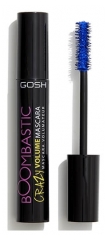 Gosh Copenhagen Tusz do Rzęs Boombastic Crazy Volume 002 Crazy Blue Gosh Gosh Copenhagen Tusz do Rzęs Boombastic Crazy Volume 002 Crazy Blue Gosh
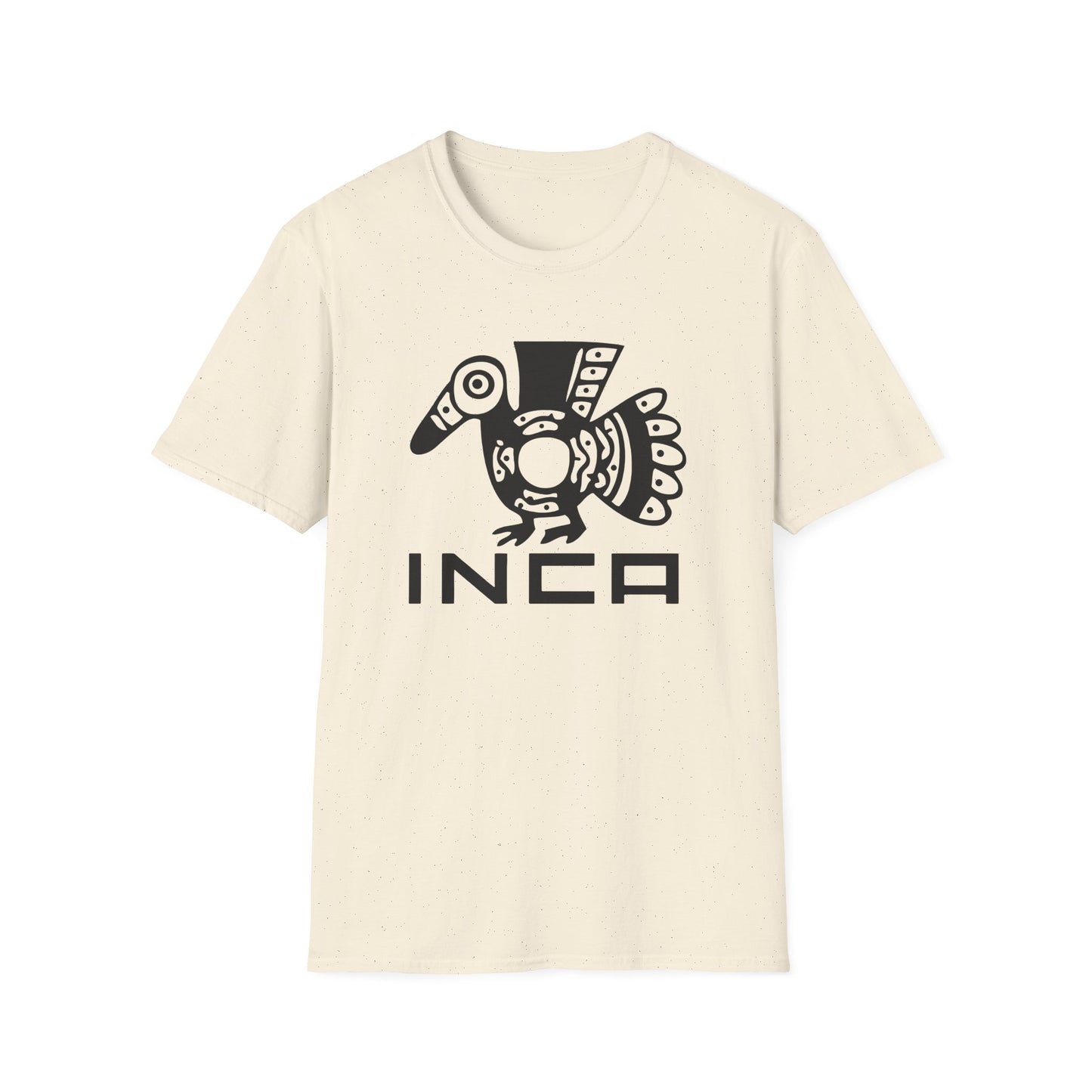 Inca Records T Shirt - Léger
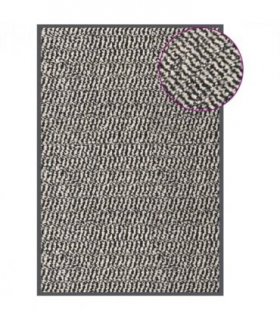 vidaXL Doormat Tufted 60x90 cm Light Brown — Size: 60 x 90 cm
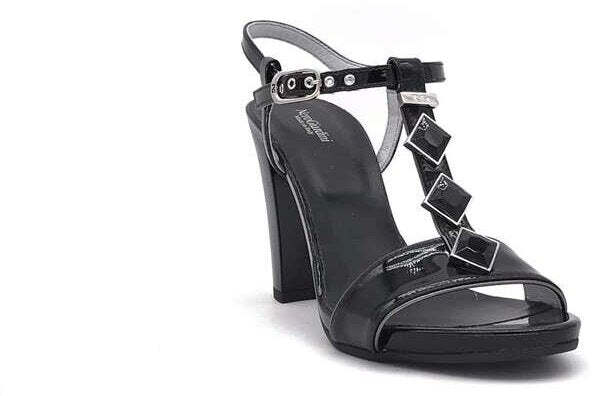 NERO GIARDINI Sandali donna P615530D 100 black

☆ ☆ ☆

Requirement: Any picture in the material is to be dropped; the rest is repeated exactly.

Written reply:
 Gosh Copenhagen Tusz do Rzęs Boombastic Crazy Volume 002 Crazy Blue Gosh Gosh Copenhagen Tusz do Rzęs Boombastic Crazy Volume 002 Crazy Blue Gosh
 Inca Records T Shirt - Léger
 vidaXL Doormat Tufted 60x90 cm Light Brown — Size: 60 x 90 cm
 NERO GIARDINI Sandali donna P615530D 100 black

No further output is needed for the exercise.